Part of the increased accuracy of this setup comes from the simple fact that the station is, well, stationary. The error bars on your position (like plus-or-minus 10 feet) are caused by a number of factors, including atmospheric conditions that refract the satellite signal, delaying its arrival at your antenna. By averaging many position measurements over time, the error bars are progressively reduced. Using multiple navigation satellite constellations speeds this process up since there are more satellite signals to use at a time.

But geodetic GPS instruments also have an important trick up their sleeve. They don’t just use the digital data broadcast by satellites—they also analyze the radio frequency signal used to carry the data. The message a satellite broadcasts relays its position and the exact time, allowing the receiver to calculate its distance from the satellite based on the length of time the signal took to travel. Because this chunk of information takes a chunk of time to fully transmit, this can only be used to calculate position to within about a meter.

The radio signal carrying that information is an oscillating sine wave with a frequency over 1 billion cycles per second. By counting the cycles from the start of a message, and measuring the phase within a cycle, the receiver can use much finer slices of time to calculate distance to satellites more precisely.

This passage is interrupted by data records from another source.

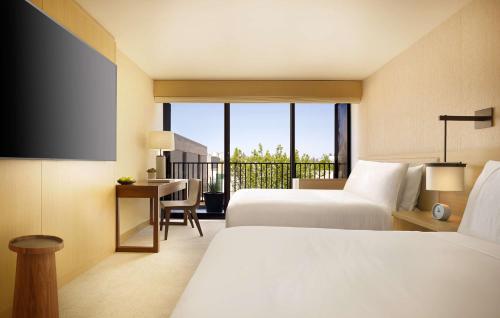 Ein Bett oder Betten in einem Zimmer der Unterkunft Nobu Hotel Palo Alto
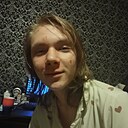 Знакомства: Денис, 18 лет, Волжский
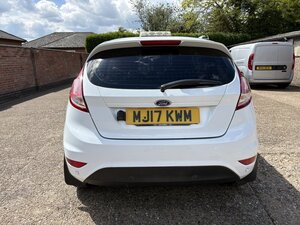 Ford Fiesta 1.5 Fiesta BASE TDCI 3dr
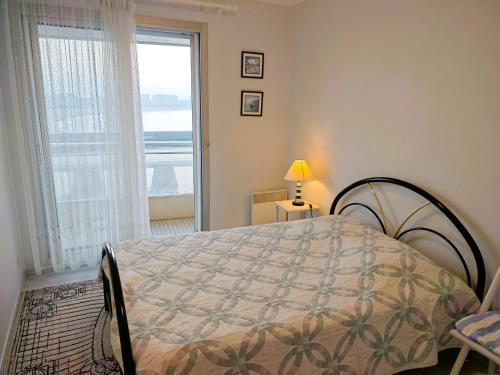 une chambre avec un lit et une grande fenêtre dans l'établissement LE VALPA Face Mer Garage, à Les Sables-dʼOlonne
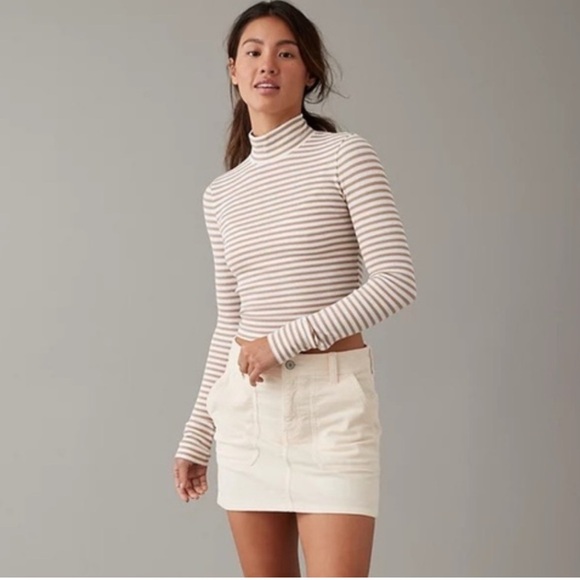 American Eagle Outfitters Cream & Tan Striped Turtleneck Crop Top - Picture 2 of 6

infographic showing that the signal reaching a GPS station can be used to study ionospheric and atmospheric conditions, or after reflecting off the surface, snow depth, water heights, soil moisture, or vegetation
Everything that affects the signal reaching a GPS station can be studied on its own. (Credit: EarthScope)

GPS position data can also be processed after the fact to improve accuracy. Tiny corrections to the synchronization of the clocks onboard the satellites, and to the satellite’s exact orbit, can tighten up the previous day’s position calculations, for example. Because distance from the satellite is calculated based on the time it took the signal—traveling at the speed of light—to reach your antenna, just a single nanosecond difference between the satellite clocks and ground clocks can throw your estimated position off by about 30 centimeters (or 1 foot). Adjusting any such clock mismatches in past data can remove those errors.

These “final” corrections are made available weekly, but other techniques can be used to get close to that level of accuracy in real time.

A technique called Precise Point Positioning streams estimated corrections to the receiver, applying them to position calculations in the moment. While these aren’t quite as exact as the final corrections, they have a similar effect, reducing the variability of data points so the true position can be measured more precisely.

The Real Time Kinematic technique is slightly different, and is often used when you have a smaller “rover” instrument you are moving around with. This technique uses the nearest stationary instruments (perhaps permanent stations in a network) as a reference. The idea is that the rover and reference instruments are affected by the same atmospheric and ionospheric errors, but the reference instrument’s true position is known much more accurately since there are so many data points to average. That allows the rover to apply a correction based on the reference station in real time.

These are all ways that geodetic GPS measurements differ from the output of simpler handheld navigation devices, resulting in the precision that allows us to study incredibly subtle Earth processes.